The Fragmented Social Web July 25
When it comes to fragmentation of audiences, markets, and media, the trend line is clear: we are collectively becoming not a single audience of billions but a million audiences of thousands, hundreds, or even one.

It’s a fascinating long term side-effect of media decentralization that’s been predicted for decades by media visionaries like Marshall McLuhan (pictured right) and, dare I say, Andy Warhol. The one-to-many paradigm of network television and weekly newsmagazines understandably has a homogenizing effect, both in reinforcing a common identity and in shaping public opinion. The many-to-many model of social media and its various manifestations (blogs, wikis, social bookmarks) has been turning this model upside-down.

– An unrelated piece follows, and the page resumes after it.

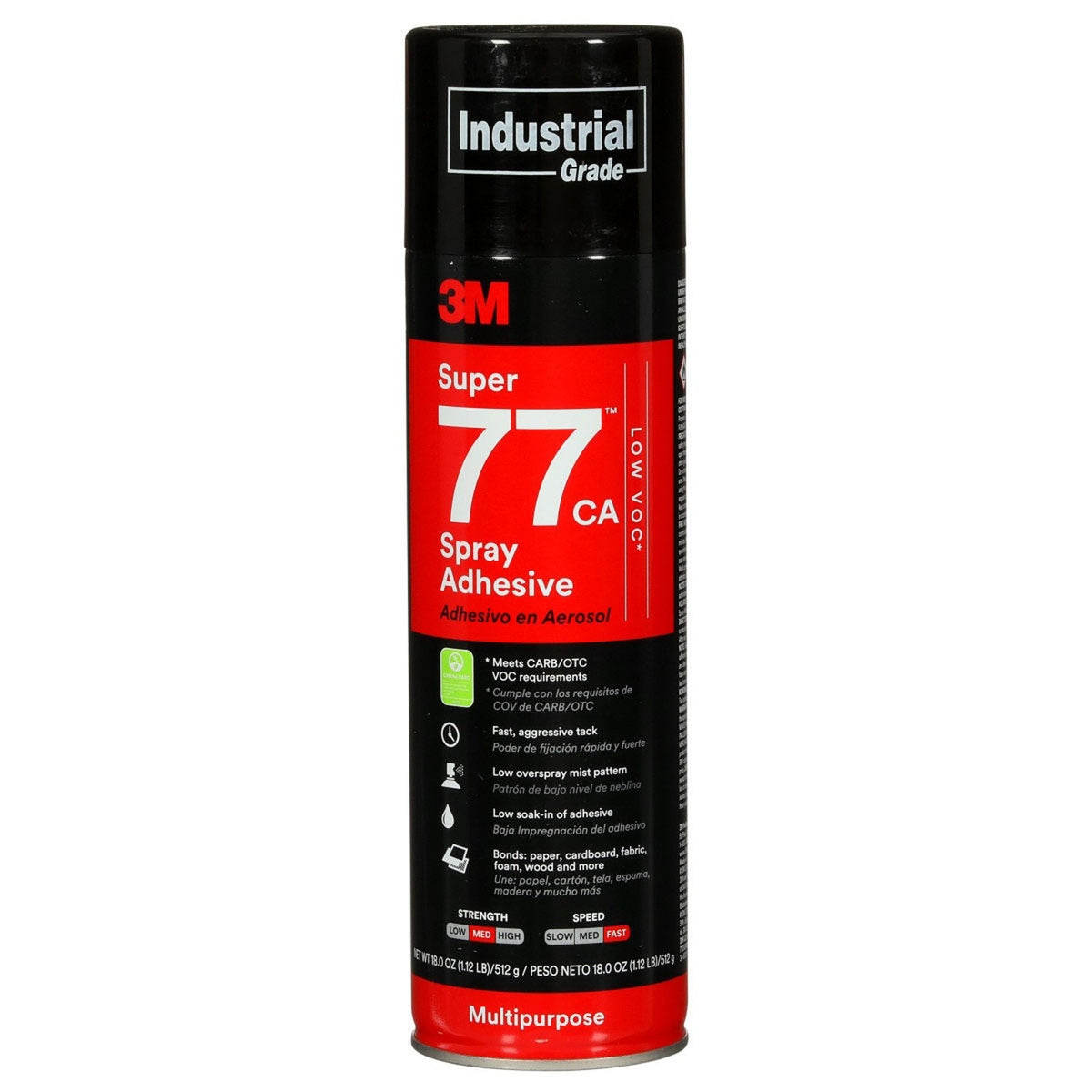 3M 77CA Multipurpose Spray Adhesive Clear Low VOC 25 Percent 24 fl oz Net Wt 18 oz (7100014109) (12 Pack)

Of course marketers have been using this to their advantage for years, from the highly targeted narrowcasting as seen in political campaigns to highly personalized direct mail. But the social web is both responding to and further cultivating this fragmentation.
Social platforms like Ning have emerged to provide ad hoc and on-demand networks meant to service everything from 5-person knitting clubs to Jay Z’s millions of fans. The single-network solutions like MySpace and Facebook have been incredibly powerful in generating public awareness of social networks. But they have discovered that the users of today’s web are a fickle bunch, quick to respond to trends and coalesce en masse around newcomers - a lesson that the now-irrelevant Friendster learned all too well and too late.
The lesson: social platforms must be nimble and highly adaptable to both enable and foster the niche micro-networks that will drive increasing specialization and fragmentation among the web’s one and a half billion users. The new social web is not a single network but a vast array of millions of them.